▶ _Try it_: Using the listing below, report each line holding the string "small".

▶ _Supplied material_:
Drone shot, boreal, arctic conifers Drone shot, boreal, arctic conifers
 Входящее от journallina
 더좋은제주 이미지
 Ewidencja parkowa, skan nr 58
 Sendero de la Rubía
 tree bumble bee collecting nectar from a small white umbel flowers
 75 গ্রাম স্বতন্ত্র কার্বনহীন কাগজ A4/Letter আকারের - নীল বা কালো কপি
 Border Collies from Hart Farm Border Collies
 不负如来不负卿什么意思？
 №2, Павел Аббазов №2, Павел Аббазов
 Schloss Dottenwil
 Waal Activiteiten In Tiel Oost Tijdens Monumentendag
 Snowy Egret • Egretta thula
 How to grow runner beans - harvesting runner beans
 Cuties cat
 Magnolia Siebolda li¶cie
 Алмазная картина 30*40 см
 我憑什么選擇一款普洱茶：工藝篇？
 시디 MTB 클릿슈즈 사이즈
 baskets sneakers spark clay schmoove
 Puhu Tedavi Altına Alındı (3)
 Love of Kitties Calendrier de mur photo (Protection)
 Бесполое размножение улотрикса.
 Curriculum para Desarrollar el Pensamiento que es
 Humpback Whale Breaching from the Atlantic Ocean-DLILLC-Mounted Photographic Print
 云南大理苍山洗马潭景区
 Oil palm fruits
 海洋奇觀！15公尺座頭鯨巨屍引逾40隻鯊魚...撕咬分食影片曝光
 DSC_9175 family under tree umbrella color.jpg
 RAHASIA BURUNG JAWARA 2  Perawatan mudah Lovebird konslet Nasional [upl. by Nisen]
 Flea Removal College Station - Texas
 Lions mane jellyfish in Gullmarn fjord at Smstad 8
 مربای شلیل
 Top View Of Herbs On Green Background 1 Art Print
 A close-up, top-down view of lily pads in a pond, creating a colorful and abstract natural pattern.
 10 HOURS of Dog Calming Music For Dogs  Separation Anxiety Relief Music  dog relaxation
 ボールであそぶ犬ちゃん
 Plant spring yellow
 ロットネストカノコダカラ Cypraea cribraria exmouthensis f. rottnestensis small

▶ _Task solution_:
 tree bumble bee collecting nectar from a small white umbel flowers
 ロットネストカノコダカラ Cypraea cribraria exmouthensis f. rottnestensis small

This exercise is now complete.